Before moving up to the crest, there are two earthwork traces worth mention. First a mortar battery sat about 200 yards to the rear of the 30-pdr Battery, and leaves us a shallow pit today to remember it by. Second a line of what appear to be rifle pits extend across the heights about 300 yards to the rear of the 30-pdr Battery. This looks as a rudimentary tertiary line of defense across the heights, and not as extensive as the other works.
The first of fortifications at the military crest of the heights is perhaps the most interesting to me. The 100-pdr Parrott Battery was sited to allow firing both up and downstream on the Potomac and upstream on the Shenandoah. The battery could also clear Loudoun and Bolivar Heights, and in theory School House Ridge. The siting of the gun allowed it a clear view of South Mountain and Weaverton along the river. Visitors today should imagine the crest of the mountain almost devoid of trees here, as a result of both charcoaling and military operations. Thus affording the massive rifle nearly an all around firing arc (where today trees block much of the view).
The NPS marker indicates the Parrott was mounted on a pintle barbette carriage. Thus in operation, this piece looked very similar to the often reproduced photo of the 100-pdr at Fort Totten, Washington D.C. In place, this was the highest elevation of any large caliber siege and garrison artillery east of the Mississippi (if not the whole continent!) . In this writers opinion, the story of the 1st Massachusetts Heavy Artillery, attributed as erecting this monster at this height, deserves attention. The tube alone weighed nearly five tons. Add to that the carriage, sandbags, planking, etc. Plus a quantity of 100 pound shells and powder. The feat would not be a simple chore even today with power equipment.
When initially built, the 100-pdr Parrot was not placed. Instead a IX-in Dahlgren (logically one of those used at the Naval Battery down the slope) was placed. At the time of the Gettysburg Campaign, if the battery was functional, it was the Admiral’s gun at the top of the mountain. The Parrott arrived in August 1863.
The Parrott had a bore of 6.4 inches, and weighed in the neighborhood of 9750 pounds. The piece, like all Parrotts, had a massive reinforcing band around the breech. Unlike the smaller army series West Point Foundry products, these and larger Parrotts had a breech block type cascabel instead of a knob, making it almost indistinguishable from Navy pieces of the same caliber. Of 233 produced for the Army between 1861 and 1865, just over 50 survive today. (The Navy received 352 similar pieces, and under twenty exist.)
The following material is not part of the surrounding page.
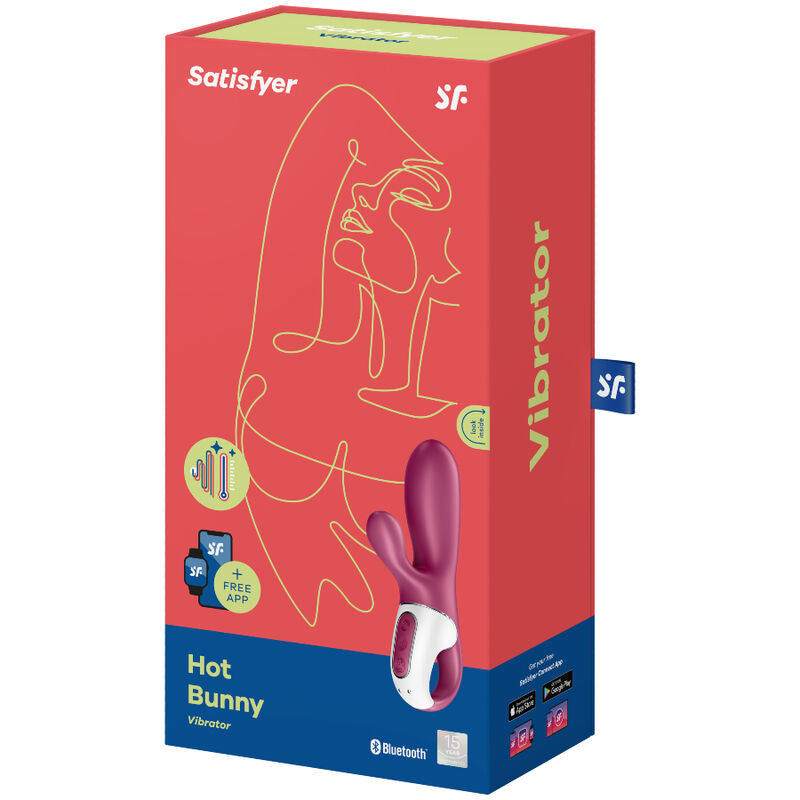 SATISFYER - VIBROMASSEUR "HOT BUNNY"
The impressive figure aside from the weight is the range of shell – 6820 yards at 25 degrees elevation. Shot is listed as 8453 yards at 35 degrees elevation. Roughly 3.8 miles for shell and 4.8 miles for shot. This means the big Parrot on top of Maryland Heights could hurl solid shot projectiles down stream to Berlin (now Brunswick), MD where pontoon bridges spanned the river. Provided the trees were cleared, the mouth of Antietam Creek was within range. Up the Shenandoah River side, Key’s Ford was just out of range.
Clearly this was a sizable umbrella of protection for defenders of Harpers Ferry. Several dispatches within the Official Records mention “falling back under the guns of Maryland Heights” in the fall of 1863 and winter of 1864. I would contend it was this particular piece providing much of that coverage. I would further offer that this battery caused Confederate operations around Harpers Ferry to follow circuitous routes, avoiding the fall of shot and shell.